[WHAT IS BEING ASKED]:
The full listing, excluding its pictures, should be printed exactly as it stands.

RECORDED INFORMATION Start Marker

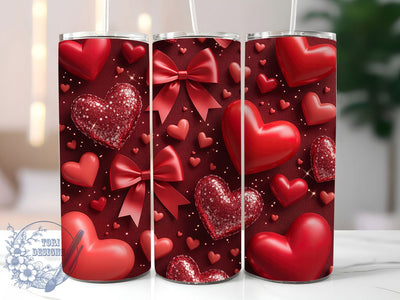 Red Hearts Valentine Glitter Tumbler Wrap, Red Hearts, Love Bows, Glitter Style, Romantic Theme, Tumbler Wrap, Sublimation Design Sublimation ToriDesigns 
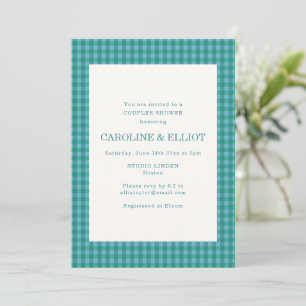 Invitación Ducha de parejas de cuadros gingham verde teal mod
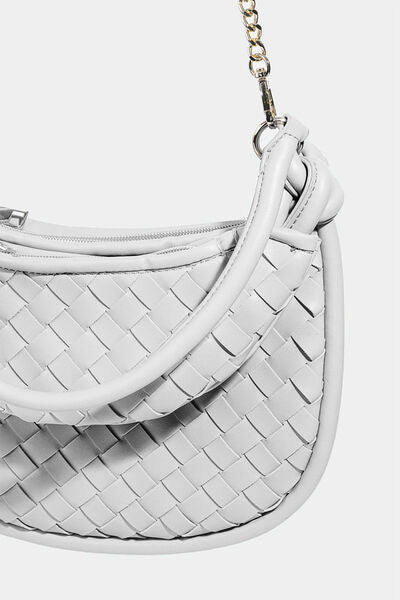 Fame PU Leather Basket Weave Half Moon Bag - Heritage Couture  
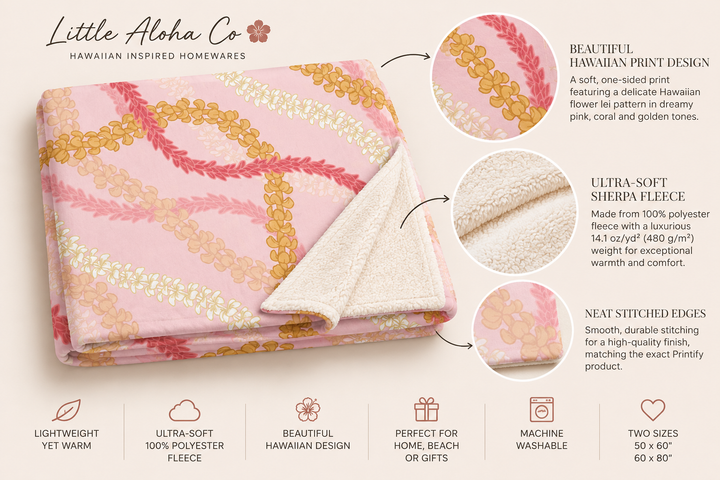 Pink Hawaiian Flower Lei Sherpa Fleece Throw Blanket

RECORDED INFORMATION End Marker

[ANSWER BELOW]:
 Red Hearts Valentine Glitter Tumbler Wrap, Red Hearts, Love Bows, Glitter Style, Romantic Theme, Tumbler Wrap, Sublimation Design Sublimation ToriDesigns 
 Invitación Ducha de parejas de cuadros gingham verde teal mod
 Fame PU Leather Basket Weave Half Moon Bag - Heritage Couture  
 Pink Hawaiian Flower Lei Sherpa Fleece Throw Blanket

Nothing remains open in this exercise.